Scrapy spider扩展无法记录DB管道错误

时间:2015-01-08 18:43:07

标签: python web-scraping scrapy

我正在尝试向我的scrapy扩展程序添加一个信号,以便在通过spider_error信号出现错误时向我发送电子邮件。即使管道中存在错误,它看起来蜘蛛信号没有记录这些错误,或者在物品被刮擦并且在管道中后蜘蛛不负责?有没有办法可以从扩展程序中记录这些内容?这是我的扩展程序的代码,它收集了数据库中每个蜘蛛的统计数据,然后我试图通过电子邮件发送错误,其信号似乎没有触发:

class StatsCollectorExtension(object):
    def __init__(self, stats):
        self.stats = stats
        self.num_errors = 0
        self.errors = []

    @classmethod
    def from_crawler(cls, crawler):
        ext = cls(crawler.stats)
        crawler.signals.connect(ext.spider_error, signal=signals.spider_error)
        crawler.signals.connect(ext.spider_closed, signal=signals.spider_closed)
        return ext

    def spider_closed(self, spider):
        """
        When the spider closes then
        store the stats(start time, end time, items scraped,
        pages crawled) into the database for each scraper.
        Also send the errors through email if any.
        """
        start_time = self.stats._stats['start_time']
        finish_time = self.stats._stats['finish_time']
        items_scraped_count = self.stats._stats['item_scraped_count']
        spider_name = spider.name
        pages_crawled_count = self.stats._stats['downloader/request_method_count/GET']

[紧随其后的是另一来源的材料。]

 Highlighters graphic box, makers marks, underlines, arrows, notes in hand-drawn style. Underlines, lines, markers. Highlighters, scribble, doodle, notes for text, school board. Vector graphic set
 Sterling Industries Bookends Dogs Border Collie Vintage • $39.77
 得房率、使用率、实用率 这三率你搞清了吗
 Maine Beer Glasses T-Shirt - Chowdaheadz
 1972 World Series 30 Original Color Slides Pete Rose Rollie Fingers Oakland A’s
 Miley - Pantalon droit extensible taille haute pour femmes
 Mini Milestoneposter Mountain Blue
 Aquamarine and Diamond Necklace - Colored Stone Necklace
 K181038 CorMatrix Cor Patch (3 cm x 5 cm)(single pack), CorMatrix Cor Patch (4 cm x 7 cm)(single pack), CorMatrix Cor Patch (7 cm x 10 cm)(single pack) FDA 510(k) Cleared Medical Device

        # add the scrapy stats to DB via SQL Alchemy object
        stats = ScrapyStats(scrapername=spider_name,
                            start_time=start_time,
                            finish_time=finish_time,
                            items_scraped=items_scraped_count,
                            pages_crawled=pages_crawled_count)
        db_session.add(stats)
        db_session.commit()

        if self.num_errors:
            # Mandrill mail client that sends me an email
            html = ''.join(self.errors)
            subject = '%s errors found' % self.num_errors
            send_mail(subject, from_email, from_name,
                      html, to_email, to_mail, mandrill_key)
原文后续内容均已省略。